Every record below is to be retyped exactly, with any pictures left out.

Information:

- Opening Delimiter -

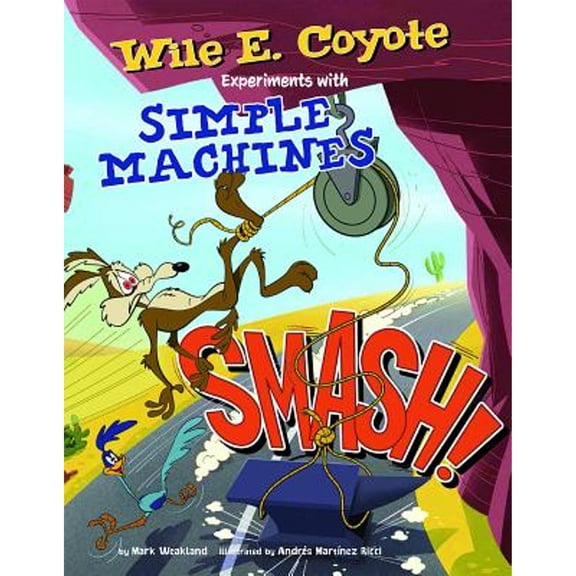 Pre-Owned Smash!: Wile E. Coyote Experiments with Simple Machines (Paperback) 1476552134 9781476552132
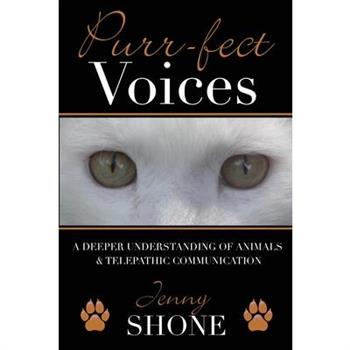 Purr-fect Voices - A Deeper Understanding of Animals & Telepathic Communication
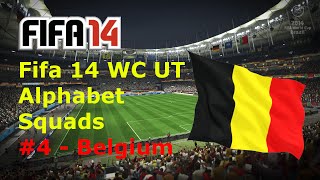 Fifa 14 WC UT Alphabet Squads - #4 - Belgium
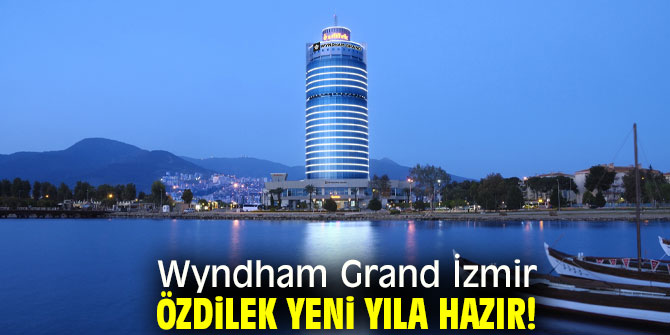Wyndham Grand İzmir Özdilek yeni yıla hazır!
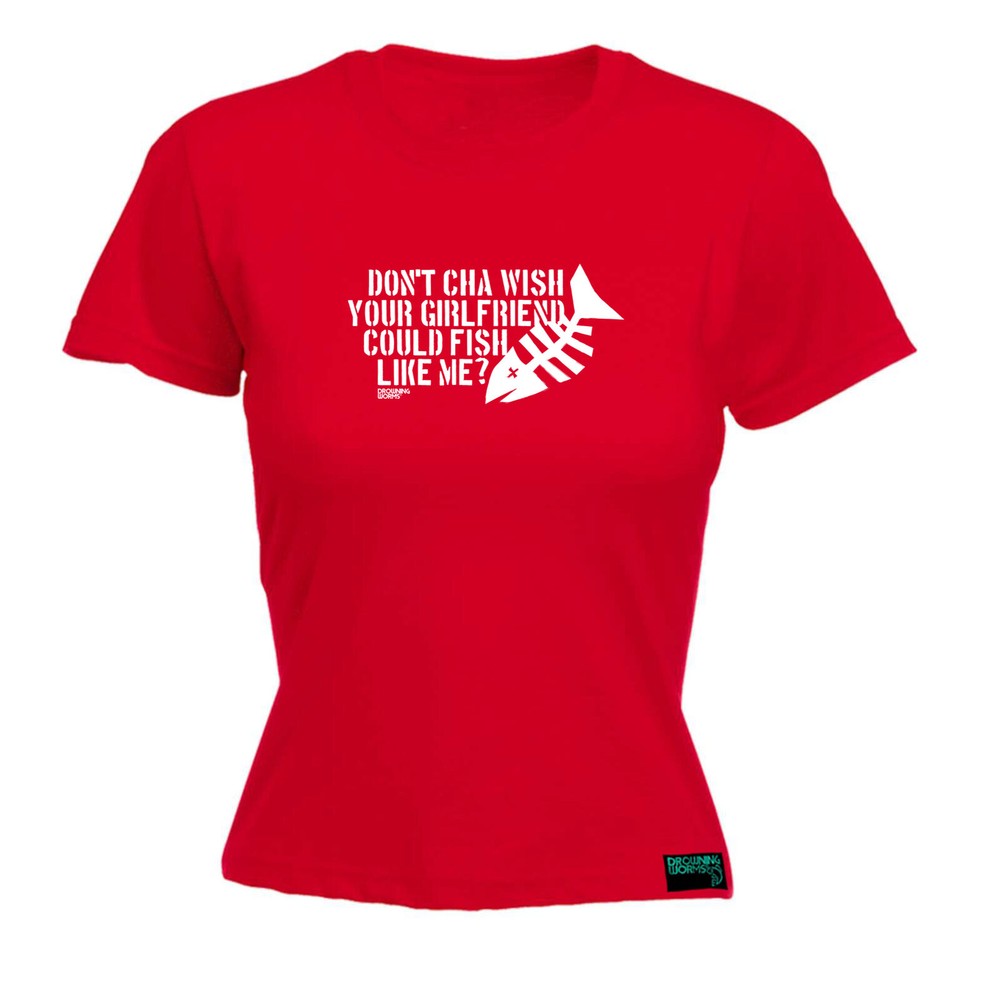 Fishing Dw Dont Cha Wish Your Girlfriend Could Fi - Womens T Shirt Funny T-Shirt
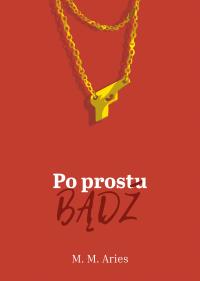Po prostu bądź. Autor: Aries M.M. Dobreksiazki.pl Okładka książki Po prostu bądź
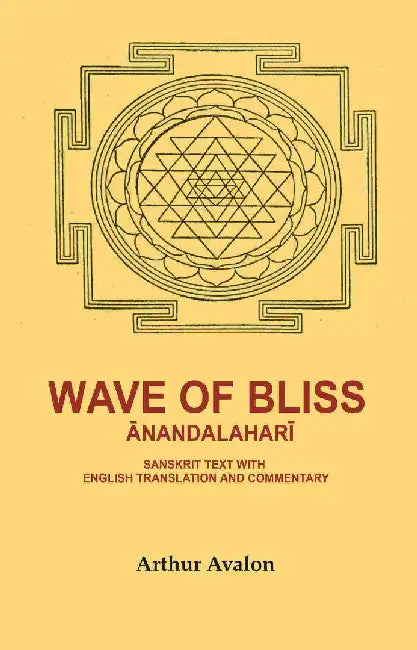 Wave of Bliss Ä€nandalaharÄ«: Sanskrit Text With English Translation and Commentary by Arthur Avalon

- Closing Delimiter -

Written answer:
 Pre-Owned Smash!: Wile E. Coyote Experiments with Simple Machines (Paperback) 1476552134 9781476552132
 Purr-fect Voices - A Deeper Understanding of Animals & Telepathic Communication
 Fifa 14 WC UT Alphabet Squads - #4 - Belgium
Wyndham Grand İzmir Özdilek yeni yıla hazır!
 Fishing Dw Dont Cha Wish Your Girlfriend Could Fi - Womens T Shirt Funny T-Shirt
Po prostu bądź. Autor: Aries M.M. Dobreksiazki.pl Okładka książki Po prostu bądź
 Wave of Bliss Ä€nandalaharÄ«: Sanskrit Text With English Translation and Commentary by Arthur Avalon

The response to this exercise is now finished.